We didn’t want to use GraphQL subscriptions because introducing WebSockets into the mix would have added a significant amount of complexity to our system. This meant we needed to model this asynchronous operation within the GraphQL schema itself.

We needed to figure out a good design. At the time there weren’t any good guides available online and we had a very tight deadline so we wound up winging it. The design ended up OK, but wasn’t entirely perfect.

There are lots of use cases which need to be implemented as long-running asynchronous operations. While I’ve indexed heavily on document summarization so far, there are many other examples we could consider. A good, reusable pattern for modeling this kind of operation in GraphQL would have been tremendously valuable to us.

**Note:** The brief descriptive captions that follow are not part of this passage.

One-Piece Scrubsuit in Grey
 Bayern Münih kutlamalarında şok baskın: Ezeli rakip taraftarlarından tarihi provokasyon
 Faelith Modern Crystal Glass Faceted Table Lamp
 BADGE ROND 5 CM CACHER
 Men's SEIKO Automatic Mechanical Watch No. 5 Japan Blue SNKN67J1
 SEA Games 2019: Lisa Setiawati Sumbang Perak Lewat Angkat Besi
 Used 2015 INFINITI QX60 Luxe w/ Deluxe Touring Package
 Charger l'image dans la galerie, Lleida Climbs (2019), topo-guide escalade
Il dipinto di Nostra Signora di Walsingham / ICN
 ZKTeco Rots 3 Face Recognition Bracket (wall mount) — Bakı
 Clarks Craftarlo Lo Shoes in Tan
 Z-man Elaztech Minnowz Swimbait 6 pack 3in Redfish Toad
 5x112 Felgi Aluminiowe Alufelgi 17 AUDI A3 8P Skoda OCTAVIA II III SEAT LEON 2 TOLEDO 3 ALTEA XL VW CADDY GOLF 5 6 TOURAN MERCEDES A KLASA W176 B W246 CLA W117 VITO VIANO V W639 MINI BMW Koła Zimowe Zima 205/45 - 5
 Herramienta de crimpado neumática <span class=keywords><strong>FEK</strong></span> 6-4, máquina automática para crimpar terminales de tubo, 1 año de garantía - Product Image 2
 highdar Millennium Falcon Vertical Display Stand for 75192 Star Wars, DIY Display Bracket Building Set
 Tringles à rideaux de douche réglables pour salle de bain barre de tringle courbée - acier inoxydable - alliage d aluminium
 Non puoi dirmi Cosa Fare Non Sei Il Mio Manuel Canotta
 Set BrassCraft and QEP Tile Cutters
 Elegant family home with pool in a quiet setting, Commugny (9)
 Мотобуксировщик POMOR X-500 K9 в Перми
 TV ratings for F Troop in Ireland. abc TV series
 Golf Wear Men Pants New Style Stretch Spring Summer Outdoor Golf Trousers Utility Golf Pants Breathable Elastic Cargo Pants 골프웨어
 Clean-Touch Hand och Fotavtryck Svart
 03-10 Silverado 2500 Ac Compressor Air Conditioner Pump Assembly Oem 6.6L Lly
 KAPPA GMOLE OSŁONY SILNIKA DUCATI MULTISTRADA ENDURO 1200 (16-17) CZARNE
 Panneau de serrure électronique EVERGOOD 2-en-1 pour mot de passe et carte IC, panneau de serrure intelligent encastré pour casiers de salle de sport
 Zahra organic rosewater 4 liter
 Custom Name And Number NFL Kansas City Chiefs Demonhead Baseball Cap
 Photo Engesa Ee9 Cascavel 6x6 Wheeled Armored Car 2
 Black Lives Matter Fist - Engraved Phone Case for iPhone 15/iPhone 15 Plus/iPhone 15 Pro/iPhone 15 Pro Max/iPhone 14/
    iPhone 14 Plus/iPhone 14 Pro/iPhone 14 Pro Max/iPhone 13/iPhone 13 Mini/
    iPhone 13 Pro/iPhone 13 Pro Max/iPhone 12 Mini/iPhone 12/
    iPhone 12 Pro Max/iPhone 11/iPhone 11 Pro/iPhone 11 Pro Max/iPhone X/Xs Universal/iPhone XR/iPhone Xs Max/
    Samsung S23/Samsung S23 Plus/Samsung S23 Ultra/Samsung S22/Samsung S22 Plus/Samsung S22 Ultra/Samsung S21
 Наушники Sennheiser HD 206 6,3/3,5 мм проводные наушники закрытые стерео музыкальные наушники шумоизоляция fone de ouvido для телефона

This article steps through what is—in my opinion—the best design. Before we get there, though, we’ll take a look at some less than perfect designs and consider their limitations.

A few bad schemas

A very simple design might look like this:

Click to copy
enum SummaryStatus {  DONE  FAILED  PENDING} type Summary {  id: ID!  content: String  status: SummaryStatus!} type Mutation {  summaryCreate(input: SummaryCreateInput!): Summary!} type Query {  summary(id: ID!): Summary}

Whenever you see a field like state, status, or type in your GraphQL schema you should run for the hills. These fields are quite natural in modern programming languages with support for discriminated or tagged union types, but are a common source of confusion when used in GraphQL’s simple and inexpressive type system.

Consider the content field. Our summary has content if it’s in the SUCCESS state, and has no content when it is in any of the other two states. There is no way of encoding this invariant in the GraphQL schema, so we are forced into typing content as a nullable string field. It would be much better if we were able to make content non-null when the summary transitions to the SUCCESS state.

This is possible to do by deleting the status field and leveraging union types. We’ll add a concrete type for each state a summary can be in—implementing a common base interface is optional—and then type the summary and summaryCreate fields so they return a union of these concrete types.

Our FailedSummary and PendingSummary types wouldn’t have a content field at all, while our DoneSummary type would have content: String!. Perfectly type-safe, and this approach scales as we add new fields for each state (example: an error field on FailedSummary, or eta on PendingSummary).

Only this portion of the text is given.